The central motif is that we are giving praise for Earth even as we are being exhorted to care for it as our common home.  The encyclical is addressed to all people of good will who share this common home, and offers all, including Christians, an insight into what faith can bring to the resolution of the issues which are comprehensively outlined in the first chapter.   The issues mentioned are pollution, climate change, water, loss of biodiversity, declining quality of human life, and global inequality.  The cards are laid on the table about weak responses to these issues, and the reality of corruption.
The chapter called “The Gospel of Creation” present material that would be familiar to you, but there are some important shifts in the recognition of the responsibility for Christians to care for creation of which they are part.  In paragraph 83, it is made clear that “The ultimate purpose of other creatures is not to be found in us. Rather, all creatures are moving forward with us and through us towards a common point of arrival, which is God, in that transcendent fullness where the risen Christ embraces and illumines all things. Human beings, endowed with intelligence and love, and drawn by the fullness of Christ, are called to lead all creatures back to their Creator.”  This is both a rejection of extreme anthropocentrism and a reminder that the fullness of creation is in God.

Chapter 3 contains an insightful analysis of our current culture which is referred to as the technocratic paradigm.  This really opened my eyes to the way in which technology can be an exercise of power which needs to be used ethically.   The highlight of the encyclical for me was the chapter on integral ecology with its vision of a world where the interrelatedness of economic, environmental, social and political concerns determine our decision and our actions.  This is a vision against which we can evaluate what is happening around us.  
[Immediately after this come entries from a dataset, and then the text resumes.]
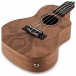 Tanglewood TWT13E Tiare Concert Size Electro Ukulele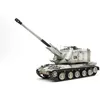 Image de MENG Kit de modèle d'obusier autopropulsé français AUF1 TA 155 mm à l'échelle 1:35
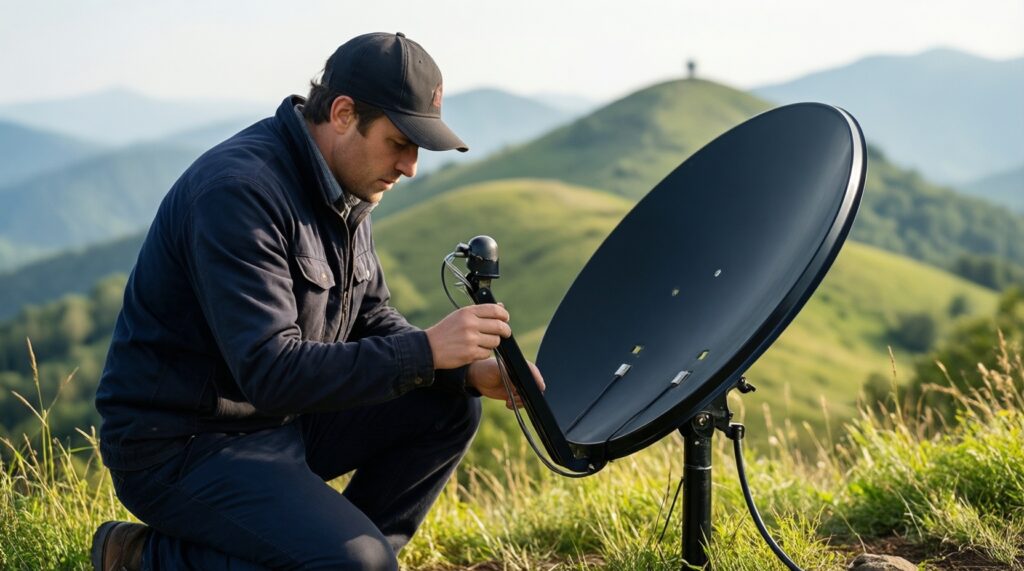 Связь и интернет в Коми: где работает уверенно, а где нужны лайфхаки - иллюстрация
The penultimate chapter outlines “the major paths of dialogue which can help us escape the spiral of self-destruction which currently engulfs us.”(# 163).  It is a multilayered plan of action.  You will be both inspired and challenged in Chapter 6 which critiques our consumer lifestyles and exhorts us, once again, to ecological conversion. 
The encyclical concludes with prayer for our Earth, and then models prayer in union with creation.  With Francis, we pray:

“Triune God,
wondrous community of infinite love,
teach us to contemplate you in the beauty of the universe, for all things speak of you.”